Par contre, ceux qui l’ont été étaient là pour porter secours et aider la population et éventuellement ces agresseurs s’ils sont un jour agressés, ce qui, dans le 93, est une éventualité plausible.
La police est intervenue rapidement et a pu interpeller les cinq agresseurs. Ceux-ci ont été placés en garde à vue, puis remis en liberté, comme de juste. La direction de l’hôpital a porté plainte contre ces garnements, c’est le moins que l’on pouvait faire.
Depuis déjà de nombreuses années, l’hôpital, et notamment les urgences ne sont plus des lieux respectés, jouissant en quelque sorte d’une immunité contre la violence.
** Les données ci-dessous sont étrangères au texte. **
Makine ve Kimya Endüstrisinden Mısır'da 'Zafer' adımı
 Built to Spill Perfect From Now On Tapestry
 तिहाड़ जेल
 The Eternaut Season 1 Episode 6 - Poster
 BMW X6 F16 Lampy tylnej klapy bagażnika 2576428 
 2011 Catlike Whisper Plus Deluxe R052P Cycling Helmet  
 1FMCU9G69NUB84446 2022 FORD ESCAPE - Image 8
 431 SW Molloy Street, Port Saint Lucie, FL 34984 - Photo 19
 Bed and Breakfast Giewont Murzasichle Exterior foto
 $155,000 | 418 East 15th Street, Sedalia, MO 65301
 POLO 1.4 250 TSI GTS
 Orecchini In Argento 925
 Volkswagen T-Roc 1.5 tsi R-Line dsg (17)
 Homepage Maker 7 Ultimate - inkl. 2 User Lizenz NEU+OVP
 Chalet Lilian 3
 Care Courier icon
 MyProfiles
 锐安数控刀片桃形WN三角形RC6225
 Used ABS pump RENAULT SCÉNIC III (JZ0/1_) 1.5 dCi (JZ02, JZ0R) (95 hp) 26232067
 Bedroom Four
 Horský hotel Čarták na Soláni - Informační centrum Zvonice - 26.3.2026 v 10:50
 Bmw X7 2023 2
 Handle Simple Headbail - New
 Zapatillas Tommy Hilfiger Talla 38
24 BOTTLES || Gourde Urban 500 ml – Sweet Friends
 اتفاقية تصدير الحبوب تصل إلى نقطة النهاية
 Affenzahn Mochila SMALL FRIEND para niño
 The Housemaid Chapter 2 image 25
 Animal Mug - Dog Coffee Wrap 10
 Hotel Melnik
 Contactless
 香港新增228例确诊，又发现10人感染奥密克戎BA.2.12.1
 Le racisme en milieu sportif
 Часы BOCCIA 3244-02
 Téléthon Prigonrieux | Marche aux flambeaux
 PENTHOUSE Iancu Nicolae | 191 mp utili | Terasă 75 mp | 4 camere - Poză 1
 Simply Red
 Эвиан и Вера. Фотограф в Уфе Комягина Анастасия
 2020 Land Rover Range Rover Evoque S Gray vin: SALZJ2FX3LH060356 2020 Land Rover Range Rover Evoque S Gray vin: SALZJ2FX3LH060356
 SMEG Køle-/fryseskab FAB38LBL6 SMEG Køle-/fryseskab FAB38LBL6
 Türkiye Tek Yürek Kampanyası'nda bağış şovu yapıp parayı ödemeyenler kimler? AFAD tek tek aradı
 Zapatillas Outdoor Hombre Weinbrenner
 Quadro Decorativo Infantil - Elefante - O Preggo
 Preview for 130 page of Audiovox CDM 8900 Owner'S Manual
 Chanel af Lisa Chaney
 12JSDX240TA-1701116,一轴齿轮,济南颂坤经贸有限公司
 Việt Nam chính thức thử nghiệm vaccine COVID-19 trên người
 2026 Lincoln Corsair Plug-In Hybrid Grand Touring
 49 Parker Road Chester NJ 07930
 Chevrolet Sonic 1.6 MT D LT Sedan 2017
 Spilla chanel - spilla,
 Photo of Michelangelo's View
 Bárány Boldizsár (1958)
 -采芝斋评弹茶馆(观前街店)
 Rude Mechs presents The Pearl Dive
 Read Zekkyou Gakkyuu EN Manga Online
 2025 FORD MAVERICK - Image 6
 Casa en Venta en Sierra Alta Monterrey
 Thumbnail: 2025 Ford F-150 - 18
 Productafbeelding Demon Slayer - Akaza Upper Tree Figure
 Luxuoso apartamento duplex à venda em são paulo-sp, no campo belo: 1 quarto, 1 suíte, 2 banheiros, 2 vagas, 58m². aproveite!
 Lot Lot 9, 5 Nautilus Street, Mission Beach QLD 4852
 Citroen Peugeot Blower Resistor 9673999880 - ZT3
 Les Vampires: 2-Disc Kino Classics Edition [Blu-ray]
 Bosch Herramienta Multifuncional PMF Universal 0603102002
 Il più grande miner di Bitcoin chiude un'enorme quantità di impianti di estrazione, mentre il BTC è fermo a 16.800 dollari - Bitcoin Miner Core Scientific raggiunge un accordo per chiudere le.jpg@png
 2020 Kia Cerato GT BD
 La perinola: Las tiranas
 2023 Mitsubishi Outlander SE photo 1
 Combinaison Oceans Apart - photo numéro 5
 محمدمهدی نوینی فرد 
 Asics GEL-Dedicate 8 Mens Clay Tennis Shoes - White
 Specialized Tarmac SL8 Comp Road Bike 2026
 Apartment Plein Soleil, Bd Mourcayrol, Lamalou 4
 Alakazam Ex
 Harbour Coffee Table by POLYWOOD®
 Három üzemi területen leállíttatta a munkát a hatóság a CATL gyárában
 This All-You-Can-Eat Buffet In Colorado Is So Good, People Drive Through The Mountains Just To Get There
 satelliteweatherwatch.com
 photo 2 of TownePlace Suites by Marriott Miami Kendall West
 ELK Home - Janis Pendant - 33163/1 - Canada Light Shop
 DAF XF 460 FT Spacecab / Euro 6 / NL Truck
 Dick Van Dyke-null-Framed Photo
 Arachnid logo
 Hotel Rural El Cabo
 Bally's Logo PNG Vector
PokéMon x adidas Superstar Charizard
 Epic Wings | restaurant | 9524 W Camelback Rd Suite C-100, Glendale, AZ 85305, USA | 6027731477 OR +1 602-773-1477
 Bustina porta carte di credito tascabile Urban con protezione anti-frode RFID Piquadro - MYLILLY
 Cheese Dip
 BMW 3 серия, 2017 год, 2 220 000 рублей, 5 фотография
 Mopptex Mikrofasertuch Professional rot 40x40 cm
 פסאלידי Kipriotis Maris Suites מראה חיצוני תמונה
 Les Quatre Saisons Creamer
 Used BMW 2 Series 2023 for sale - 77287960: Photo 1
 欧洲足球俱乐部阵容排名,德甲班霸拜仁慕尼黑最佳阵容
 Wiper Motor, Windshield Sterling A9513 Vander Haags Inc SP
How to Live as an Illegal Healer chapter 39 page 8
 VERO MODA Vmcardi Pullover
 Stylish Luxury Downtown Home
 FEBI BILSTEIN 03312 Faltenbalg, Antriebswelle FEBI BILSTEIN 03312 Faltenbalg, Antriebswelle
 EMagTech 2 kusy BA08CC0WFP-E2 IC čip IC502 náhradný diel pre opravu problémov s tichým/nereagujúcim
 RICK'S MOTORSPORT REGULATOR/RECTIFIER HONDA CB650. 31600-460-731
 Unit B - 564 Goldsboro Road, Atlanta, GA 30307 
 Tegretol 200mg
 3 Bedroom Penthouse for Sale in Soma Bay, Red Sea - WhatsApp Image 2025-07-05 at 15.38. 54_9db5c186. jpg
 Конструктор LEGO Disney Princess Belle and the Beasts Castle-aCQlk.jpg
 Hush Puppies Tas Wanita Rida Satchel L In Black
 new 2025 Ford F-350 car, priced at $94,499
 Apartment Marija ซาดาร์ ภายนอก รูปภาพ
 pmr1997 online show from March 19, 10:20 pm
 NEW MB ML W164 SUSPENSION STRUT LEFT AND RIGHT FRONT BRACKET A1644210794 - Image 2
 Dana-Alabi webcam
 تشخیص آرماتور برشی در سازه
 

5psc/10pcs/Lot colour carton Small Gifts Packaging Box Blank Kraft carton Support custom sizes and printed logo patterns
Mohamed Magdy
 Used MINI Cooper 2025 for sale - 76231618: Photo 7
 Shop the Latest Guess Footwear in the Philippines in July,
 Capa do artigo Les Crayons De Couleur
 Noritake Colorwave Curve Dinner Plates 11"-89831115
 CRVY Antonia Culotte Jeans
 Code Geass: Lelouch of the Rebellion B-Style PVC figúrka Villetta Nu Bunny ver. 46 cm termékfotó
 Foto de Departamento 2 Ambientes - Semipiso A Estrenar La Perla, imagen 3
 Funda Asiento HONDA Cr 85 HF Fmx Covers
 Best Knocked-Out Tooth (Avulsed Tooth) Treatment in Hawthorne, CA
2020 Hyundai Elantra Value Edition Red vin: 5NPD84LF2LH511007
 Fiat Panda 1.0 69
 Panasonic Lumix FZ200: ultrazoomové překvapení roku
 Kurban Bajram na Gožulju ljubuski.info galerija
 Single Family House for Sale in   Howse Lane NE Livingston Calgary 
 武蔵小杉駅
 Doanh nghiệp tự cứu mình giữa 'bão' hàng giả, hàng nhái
Le personnel chargé de porter secours à chacun d’entre nous, médecins, infirmières, pompiers sont même devenus des cibles faciles et privilégiées.
Le second fait est ce procès de quelques « antifas » - anticapitalistes qui, cagoulés comme il se doit, avaient incendié en 2016 une voiture de police avec deux policiers à l’intérieur et frappé les policiers, l’un d’eux à coups de barre de fer. En somme, il s’agissait là de tentatives de meurtre qui pouvaient justifier un procès aux assises plutôt qu’en correctionnel. Certains des accusés ont écopé de quelques années de prison dont une ample partie avec sursis et des peines aménageables.
Le verdict a soulevé les protestations des nombreux camarades de jeu venus soutenir les accusés, et trouvant leurs faits d’armes tout à fait justifiés et la justice condamnable de les avoir condamnés. Ce public à cervelle unidirectionnelle n’a guère été content quand le président du tribunal a fait remarquer aux accusés qu’ils avaient agressé des policiers parce que policiers comme on agresse un noir parce que noir. Remarque intolérable pour ces « antifas » persuadés d’être farouchement dans le camp du bien.
Mais rien n’est plus proche d’un fasciste qu’un « antifa ». Il rappelle le nazi qui circulait en bande dans les rues allemandes en brisant les vitrines, imposant son point de vue par la peur. « L’antifa » se targuant également d’être anticapitaliste, ses dons pour la violence lui auraient sans doute permis dans un régime anticapitalisme, c’est à dire communiste, de devenir un gardien efficace pour redresser les déviants, pour leur bien, dans un goulag.